# REQUIRED ACTION:
Give back exactly the stretch of data below from the line holding "Baby Chick Easter" through the line holding "Baton Set Golfing", both ends included, and leave the remaining lines out.

____________

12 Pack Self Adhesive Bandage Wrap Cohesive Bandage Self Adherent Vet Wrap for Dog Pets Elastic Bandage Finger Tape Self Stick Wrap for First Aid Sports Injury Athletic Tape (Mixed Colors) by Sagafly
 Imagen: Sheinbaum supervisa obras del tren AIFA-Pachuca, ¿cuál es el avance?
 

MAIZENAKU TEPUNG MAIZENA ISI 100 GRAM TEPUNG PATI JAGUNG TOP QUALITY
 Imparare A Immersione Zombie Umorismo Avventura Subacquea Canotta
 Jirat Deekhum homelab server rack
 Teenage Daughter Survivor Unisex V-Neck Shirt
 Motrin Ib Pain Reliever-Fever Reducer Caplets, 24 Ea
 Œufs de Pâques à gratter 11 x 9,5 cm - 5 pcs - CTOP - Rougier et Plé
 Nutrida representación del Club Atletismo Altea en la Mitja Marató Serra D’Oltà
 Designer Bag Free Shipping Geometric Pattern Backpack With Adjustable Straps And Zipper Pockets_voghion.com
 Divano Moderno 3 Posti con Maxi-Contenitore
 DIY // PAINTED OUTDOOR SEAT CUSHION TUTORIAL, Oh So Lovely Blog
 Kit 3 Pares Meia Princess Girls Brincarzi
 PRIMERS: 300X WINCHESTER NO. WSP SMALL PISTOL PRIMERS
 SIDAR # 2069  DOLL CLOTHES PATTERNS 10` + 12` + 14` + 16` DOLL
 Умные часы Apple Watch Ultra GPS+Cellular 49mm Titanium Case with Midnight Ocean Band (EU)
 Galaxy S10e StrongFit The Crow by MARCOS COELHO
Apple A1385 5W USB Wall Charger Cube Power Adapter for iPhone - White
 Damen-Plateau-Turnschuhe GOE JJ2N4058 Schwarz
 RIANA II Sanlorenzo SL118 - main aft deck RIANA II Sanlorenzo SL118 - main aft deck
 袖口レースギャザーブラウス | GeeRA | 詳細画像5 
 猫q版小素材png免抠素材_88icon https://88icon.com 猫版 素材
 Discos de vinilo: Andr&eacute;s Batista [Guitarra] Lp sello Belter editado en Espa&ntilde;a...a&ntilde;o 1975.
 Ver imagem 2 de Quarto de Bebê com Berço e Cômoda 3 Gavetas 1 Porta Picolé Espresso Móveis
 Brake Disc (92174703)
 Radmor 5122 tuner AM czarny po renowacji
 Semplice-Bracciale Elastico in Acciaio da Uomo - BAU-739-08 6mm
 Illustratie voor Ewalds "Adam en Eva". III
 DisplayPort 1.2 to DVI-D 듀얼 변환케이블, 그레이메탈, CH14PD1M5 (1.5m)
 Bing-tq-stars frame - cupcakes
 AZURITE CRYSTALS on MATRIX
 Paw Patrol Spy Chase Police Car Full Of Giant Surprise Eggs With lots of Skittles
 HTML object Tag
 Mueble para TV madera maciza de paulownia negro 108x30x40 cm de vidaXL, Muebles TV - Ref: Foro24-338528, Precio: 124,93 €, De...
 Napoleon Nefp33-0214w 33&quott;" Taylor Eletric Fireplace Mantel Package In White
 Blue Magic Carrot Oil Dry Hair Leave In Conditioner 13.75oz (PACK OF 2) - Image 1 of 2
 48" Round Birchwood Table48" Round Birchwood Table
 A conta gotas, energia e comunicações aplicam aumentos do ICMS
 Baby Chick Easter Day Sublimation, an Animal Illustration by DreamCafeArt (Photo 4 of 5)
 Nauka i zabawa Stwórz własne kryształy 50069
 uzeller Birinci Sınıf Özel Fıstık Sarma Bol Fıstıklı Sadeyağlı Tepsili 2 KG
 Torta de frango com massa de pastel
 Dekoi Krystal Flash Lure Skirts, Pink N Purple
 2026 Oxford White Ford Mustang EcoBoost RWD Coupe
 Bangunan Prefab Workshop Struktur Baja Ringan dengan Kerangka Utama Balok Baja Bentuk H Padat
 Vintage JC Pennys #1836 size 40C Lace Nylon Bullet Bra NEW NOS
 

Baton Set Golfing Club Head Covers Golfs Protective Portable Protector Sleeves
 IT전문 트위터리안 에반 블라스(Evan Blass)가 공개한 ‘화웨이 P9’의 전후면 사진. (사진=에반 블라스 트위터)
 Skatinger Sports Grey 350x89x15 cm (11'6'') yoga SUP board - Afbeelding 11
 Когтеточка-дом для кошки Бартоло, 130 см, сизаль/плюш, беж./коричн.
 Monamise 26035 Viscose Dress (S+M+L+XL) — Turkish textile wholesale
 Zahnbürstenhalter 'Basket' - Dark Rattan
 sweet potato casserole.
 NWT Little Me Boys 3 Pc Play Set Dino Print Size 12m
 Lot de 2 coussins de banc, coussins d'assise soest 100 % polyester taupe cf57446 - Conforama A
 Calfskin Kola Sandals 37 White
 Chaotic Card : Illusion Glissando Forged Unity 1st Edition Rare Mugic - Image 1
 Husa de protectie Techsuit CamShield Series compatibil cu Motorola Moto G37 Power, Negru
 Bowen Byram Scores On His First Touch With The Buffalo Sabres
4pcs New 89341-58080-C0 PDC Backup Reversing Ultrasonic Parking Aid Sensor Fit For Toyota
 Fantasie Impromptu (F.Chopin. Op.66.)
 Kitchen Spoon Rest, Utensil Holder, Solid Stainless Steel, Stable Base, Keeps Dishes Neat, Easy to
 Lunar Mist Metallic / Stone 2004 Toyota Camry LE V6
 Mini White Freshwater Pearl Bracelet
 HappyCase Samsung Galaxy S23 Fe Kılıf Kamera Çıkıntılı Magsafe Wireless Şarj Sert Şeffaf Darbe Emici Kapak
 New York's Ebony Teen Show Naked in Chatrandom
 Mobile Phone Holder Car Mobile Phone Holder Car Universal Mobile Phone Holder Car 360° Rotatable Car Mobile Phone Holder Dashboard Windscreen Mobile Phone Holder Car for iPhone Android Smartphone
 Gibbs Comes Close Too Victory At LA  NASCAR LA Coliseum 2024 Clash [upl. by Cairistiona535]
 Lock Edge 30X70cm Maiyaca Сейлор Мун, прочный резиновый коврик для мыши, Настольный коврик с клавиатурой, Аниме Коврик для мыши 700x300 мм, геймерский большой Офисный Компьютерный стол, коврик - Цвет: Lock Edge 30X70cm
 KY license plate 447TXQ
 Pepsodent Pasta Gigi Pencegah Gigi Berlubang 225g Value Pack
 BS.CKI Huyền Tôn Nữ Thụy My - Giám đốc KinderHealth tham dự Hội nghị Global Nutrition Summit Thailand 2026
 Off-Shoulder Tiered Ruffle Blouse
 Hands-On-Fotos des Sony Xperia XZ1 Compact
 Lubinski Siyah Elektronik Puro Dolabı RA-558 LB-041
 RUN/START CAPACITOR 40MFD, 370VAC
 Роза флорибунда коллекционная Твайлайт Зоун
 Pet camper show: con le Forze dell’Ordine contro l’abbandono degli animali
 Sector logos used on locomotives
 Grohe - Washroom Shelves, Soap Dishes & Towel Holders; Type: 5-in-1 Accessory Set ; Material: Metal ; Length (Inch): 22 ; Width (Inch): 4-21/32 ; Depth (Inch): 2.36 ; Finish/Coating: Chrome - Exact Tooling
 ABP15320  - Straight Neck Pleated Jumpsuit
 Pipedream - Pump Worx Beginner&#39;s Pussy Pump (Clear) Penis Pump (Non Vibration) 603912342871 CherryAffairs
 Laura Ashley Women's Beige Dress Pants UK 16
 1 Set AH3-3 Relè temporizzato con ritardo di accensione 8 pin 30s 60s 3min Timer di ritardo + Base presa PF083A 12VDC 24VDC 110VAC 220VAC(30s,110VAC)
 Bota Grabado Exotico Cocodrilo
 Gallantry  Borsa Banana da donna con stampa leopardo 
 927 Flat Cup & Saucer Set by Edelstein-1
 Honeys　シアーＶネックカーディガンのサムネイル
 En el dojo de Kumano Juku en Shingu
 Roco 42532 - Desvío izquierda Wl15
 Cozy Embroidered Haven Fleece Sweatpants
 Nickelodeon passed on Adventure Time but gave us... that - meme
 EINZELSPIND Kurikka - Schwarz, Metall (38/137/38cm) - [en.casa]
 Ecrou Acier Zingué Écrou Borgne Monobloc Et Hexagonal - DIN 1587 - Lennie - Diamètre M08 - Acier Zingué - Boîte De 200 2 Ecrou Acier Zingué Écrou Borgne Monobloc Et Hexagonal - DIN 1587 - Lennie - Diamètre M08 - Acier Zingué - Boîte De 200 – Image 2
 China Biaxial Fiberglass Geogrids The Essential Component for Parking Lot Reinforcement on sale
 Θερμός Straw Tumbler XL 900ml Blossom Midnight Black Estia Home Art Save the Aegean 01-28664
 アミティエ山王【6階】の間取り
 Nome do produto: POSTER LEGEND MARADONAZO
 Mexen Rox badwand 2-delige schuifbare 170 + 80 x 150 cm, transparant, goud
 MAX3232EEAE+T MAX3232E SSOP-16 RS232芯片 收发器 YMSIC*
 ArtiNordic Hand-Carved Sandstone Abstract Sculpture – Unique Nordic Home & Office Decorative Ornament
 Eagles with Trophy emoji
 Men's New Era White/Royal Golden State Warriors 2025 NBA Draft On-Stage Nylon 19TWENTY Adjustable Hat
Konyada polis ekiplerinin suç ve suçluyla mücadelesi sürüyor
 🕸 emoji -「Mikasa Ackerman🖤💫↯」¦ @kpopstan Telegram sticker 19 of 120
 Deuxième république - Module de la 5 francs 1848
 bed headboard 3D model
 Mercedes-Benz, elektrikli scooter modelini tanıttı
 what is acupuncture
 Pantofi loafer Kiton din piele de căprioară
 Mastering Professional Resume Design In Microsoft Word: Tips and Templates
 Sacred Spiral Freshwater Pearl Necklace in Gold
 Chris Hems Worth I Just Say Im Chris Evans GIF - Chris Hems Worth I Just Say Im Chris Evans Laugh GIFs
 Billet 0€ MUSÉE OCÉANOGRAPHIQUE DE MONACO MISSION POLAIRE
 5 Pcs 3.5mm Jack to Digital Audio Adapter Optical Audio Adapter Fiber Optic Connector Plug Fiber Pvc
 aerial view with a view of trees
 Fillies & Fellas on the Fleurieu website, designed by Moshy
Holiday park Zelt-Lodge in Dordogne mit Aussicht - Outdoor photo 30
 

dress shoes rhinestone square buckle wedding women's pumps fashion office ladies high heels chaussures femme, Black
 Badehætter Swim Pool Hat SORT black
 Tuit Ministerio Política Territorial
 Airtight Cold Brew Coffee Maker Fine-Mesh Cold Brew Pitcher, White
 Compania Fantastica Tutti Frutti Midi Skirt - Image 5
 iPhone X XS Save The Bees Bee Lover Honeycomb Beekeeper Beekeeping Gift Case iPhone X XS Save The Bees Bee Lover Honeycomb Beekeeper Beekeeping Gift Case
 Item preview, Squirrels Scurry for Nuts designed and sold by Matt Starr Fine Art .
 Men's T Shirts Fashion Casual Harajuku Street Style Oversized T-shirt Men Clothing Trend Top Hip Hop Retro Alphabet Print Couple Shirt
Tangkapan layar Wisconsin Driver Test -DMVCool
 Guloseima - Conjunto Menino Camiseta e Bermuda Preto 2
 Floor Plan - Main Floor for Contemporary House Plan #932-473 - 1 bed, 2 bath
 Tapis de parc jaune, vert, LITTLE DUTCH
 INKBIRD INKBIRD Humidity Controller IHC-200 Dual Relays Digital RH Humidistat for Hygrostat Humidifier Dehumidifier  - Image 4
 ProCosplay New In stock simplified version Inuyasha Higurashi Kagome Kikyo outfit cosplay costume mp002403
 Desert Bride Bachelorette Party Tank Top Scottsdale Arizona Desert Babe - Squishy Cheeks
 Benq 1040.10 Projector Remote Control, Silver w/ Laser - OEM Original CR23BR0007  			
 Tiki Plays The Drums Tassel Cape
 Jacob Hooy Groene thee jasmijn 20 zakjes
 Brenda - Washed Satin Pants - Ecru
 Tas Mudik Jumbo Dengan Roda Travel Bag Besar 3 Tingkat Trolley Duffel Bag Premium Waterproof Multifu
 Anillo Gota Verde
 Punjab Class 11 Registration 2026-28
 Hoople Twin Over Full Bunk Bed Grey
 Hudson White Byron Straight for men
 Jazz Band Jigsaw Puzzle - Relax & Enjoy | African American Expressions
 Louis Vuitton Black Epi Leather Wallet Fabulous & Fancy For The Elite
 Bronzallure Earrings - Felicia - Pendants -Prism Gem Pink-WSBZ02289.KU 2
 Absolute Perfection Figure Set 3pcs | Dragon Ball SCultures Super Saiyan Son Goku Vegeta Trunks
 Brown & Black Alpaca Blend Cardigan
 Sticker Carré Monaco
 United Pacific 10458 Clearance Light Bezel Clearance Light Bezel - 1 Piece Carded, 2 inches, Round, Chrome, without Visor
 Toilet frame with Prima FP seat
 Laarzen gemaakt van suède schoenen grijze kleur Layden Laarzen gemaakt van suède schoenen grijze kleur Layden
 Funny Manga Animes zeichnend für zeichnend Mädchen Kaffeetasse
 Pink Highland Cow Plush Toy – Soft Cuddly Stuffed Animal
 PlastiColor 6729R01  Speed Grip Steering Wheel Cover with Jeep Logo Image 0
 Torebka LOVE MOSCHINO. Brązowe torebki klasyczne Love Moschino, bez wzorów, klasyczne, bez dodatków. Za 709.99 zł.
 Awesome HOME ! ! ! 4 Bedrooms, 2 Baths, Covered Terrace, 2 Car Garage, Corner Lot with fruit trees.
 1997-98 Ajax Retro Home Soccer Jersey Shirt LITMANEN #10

____________

# RESULT:
 Baby Chick Easter Day Sublimation, an Animal Illustration by DreamCafeArt (Photo 4 of 5)
 Nauka i zabawa Stwórz własne kryształy 50069
 uzeller Birinci Sınıf Özel Fıstık Sarma Bol Fıstıklı Sadeyağlı Tepsili 2 KG
 Torta de frango com massa de pastel
 Dekoi Krystal Flash Lure Skirts, Pink N Purple
 2026 Oxford White Ford Mustang EcoBoost RWD Coupe
 Bangunan Prefab Workshop Struktur Baja Ringan dengan Kerangka Utama Balok Baja Bentuk H Padat
 Vintage JC Pennys #1836 size 40C Lace Nylon Bullet Bra NEW NOS
 

Baton Set Golfing Club Head Covers Golfs Protective Portable Protector Sleeves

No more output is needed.